YOUR INSTRUCTIONS
The answer must consist of every line in the data that contains "High".

-- -- --

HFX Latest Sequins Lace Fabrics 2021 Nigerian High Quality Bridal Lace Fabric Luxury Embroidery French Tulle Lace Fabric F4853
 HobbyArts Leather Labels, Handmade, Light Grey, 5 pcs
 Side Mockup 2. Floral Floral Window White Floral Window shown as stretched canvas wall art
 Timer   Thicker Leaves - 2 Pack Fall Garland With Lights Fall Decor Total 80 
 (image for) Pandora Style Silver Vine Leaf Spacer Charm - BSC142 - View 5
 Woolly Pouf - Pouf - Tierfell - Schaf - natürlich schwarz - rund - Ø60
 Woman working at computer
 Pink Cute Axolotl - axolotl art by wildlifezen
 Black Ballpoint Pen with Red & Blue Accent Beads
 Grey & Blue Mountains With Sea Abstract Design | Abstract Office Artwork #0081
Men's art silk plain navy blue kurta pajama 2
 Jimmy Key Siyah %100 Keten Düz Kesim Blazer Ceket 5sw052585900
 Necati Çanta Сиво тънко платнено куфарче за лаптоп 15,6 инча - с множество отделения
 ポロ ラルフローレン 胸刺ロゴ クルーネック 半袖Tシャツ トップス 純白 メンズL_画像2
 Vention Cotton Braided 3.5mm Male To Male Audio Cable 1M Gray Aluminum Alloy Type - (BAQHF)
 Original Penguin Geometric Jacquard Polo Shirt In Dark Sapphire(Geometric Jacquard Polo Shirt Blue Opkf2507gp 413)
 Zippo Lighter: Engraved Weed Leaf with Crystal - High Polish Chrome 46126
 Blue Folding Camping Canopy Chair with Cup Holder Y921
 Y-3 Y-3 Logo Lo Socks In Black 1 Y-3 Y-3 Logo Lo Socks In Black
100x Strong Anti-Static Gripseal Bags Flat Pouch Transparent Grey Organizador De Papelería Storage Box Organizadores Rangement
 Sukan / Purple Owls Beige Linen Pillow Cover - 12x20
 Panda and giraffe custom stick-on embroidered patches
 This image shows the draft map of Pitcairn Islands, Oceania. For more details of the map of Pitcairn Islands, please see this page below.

-- -- --

WRITTEN SOLUTION
HFX Latest Sequins Lace Fabrics 2021 Nigerian High Quality Bridal Lace Fabric Luxury Embroidery French Tulle Lace Fabric F4853
 Zippo Lighter: Engraved Weed Leaf with Crystal - High Polish Chrome 46126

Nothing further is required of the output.